僕はハキーム選手が一番に9秒台を出すと思ったんですよ。なので、陸上関係者の人達はあまり驚いていないと思います。僕も、まだ速いタイムが出ると思ってるので、ここから始まっていくなっていう感じですよね。

──逆に秋本さんから見て、サニブラウン選手の走りってどうですか?

彼よりも全然速く走れなかった人間が言うのはおこがましいんですけど、改善するポイントは結構多い気がしていて。特に後半30メートルくらいから降り出すみたいな走り方になるんですよね。膝下を前に降り出して、走っちゃう。とんでもない筋肉があるので、変なとこに着地しても引っ張り込んで走れちゃうみたいな。

──その走りで日本新記録を出していると。

あそこをちゃんと真下に踏むということが出来れば、まだまだタイムは出ると思っています。

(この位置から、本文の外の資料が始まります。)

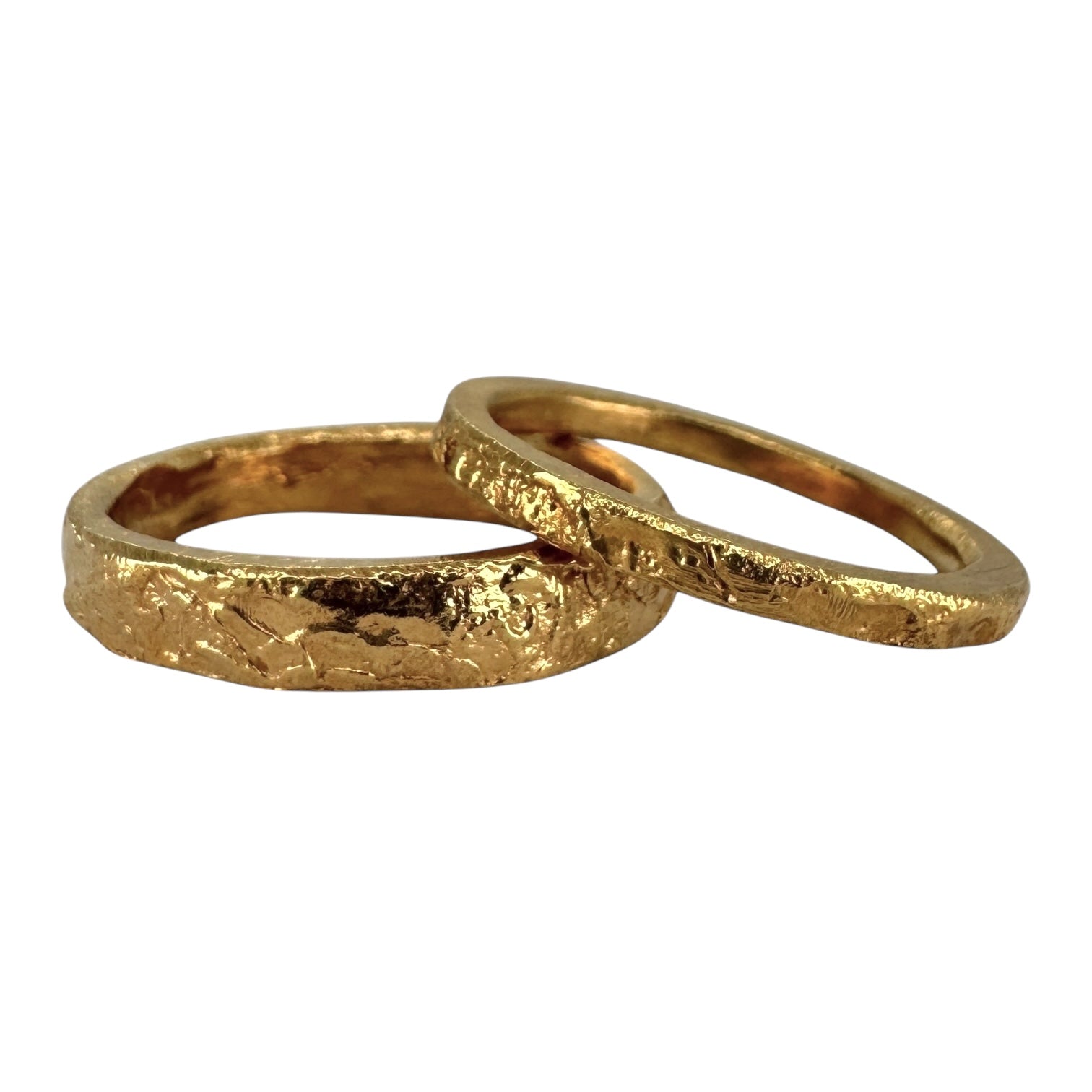 4mm Gold Flat Wedding Band - Guardian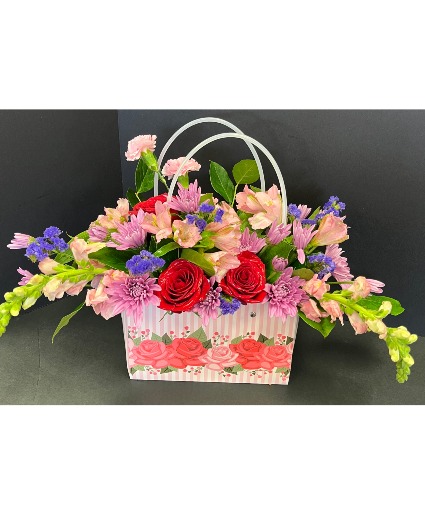 Posey Tote Flower Arrangement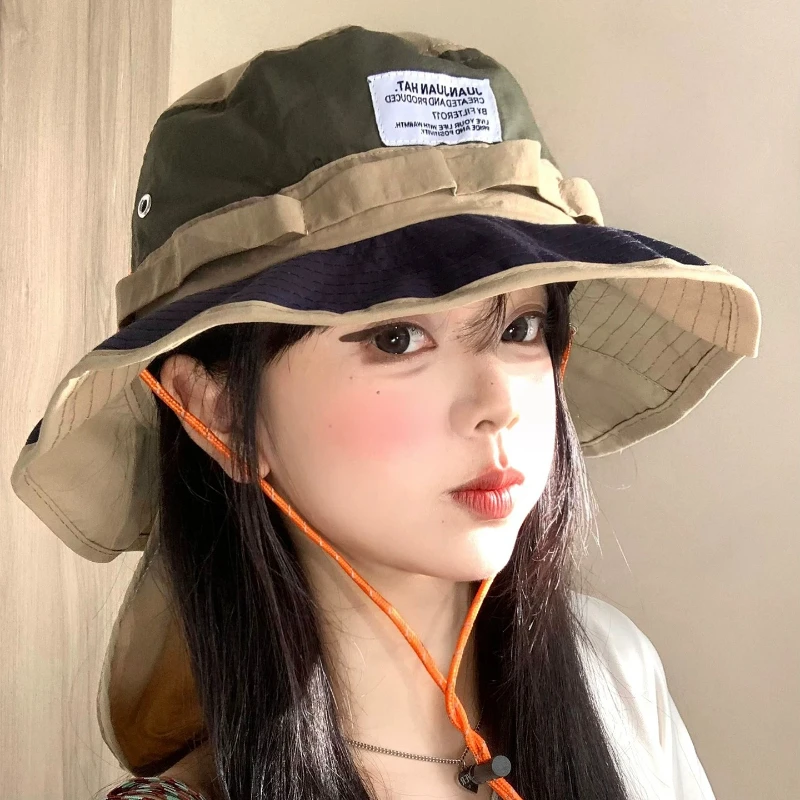 New Fashion Neck Protector Shawl Quick-drying Bucket Hats for Men and Women Summer Outdoor Camping Sun Protection Hiking Caps
New Fashion Neck Protector Shawl Quick-drying Bucket Hats for Men and Women Summer Outdoor Camping Sun Protection Hiking Caps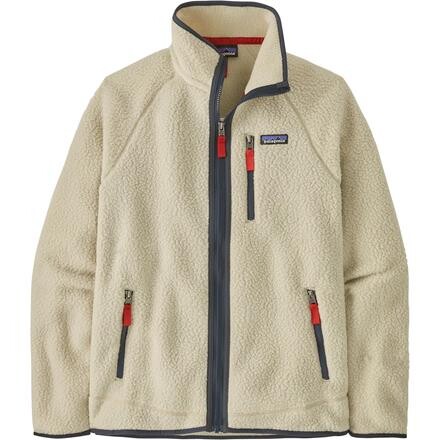 Patagonia Mens Retro Pile Jacket (Beige (PELICAN W/SMOLDER BLUE) Small)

──秋本さんがお書きになった『一流アスリートがこぞって実践する 最強の走り方』を読んで驚いたのが、レースを見ていると最後の追い込み、ゴール地点が一番速いと思うわけですよ。
実は、スピードってそこじゃないって書いてあって。


そうなんですよ。伸び切って終わってる人はいないんですよね。必ず全員スピードが低下した状態で終わってるんです。
トップスピードを維持させるには、そこまでの走り方を崩さないという技術的な話になってくると思っていて。途中で踏み外すみたいな感覚が出てきちゃうんですよ。
自分の位置が今この辺だから、「やばい。もっと頑張らないと」っていう意識が、足を早く着いちゃえみたいな感覚になるとずれた場所でつくじゃないですか。
それで減速がさらに大きくなるみたいなのは、僕も100メートルのレースを何本か走って、難しいなと思っています。
競馬のように隠れた状態で走ったら全然違う人間が勝つかもしれません。

──1人ずつタイムを計測しますって言ったら、結果また違うかもしれないんですね。

今回の6月末の日本選手権の決勝は、もうとんでもないんじゃないすかね。どれだけ周りを意識しないことが実はポイントなんじゃないかなと思います。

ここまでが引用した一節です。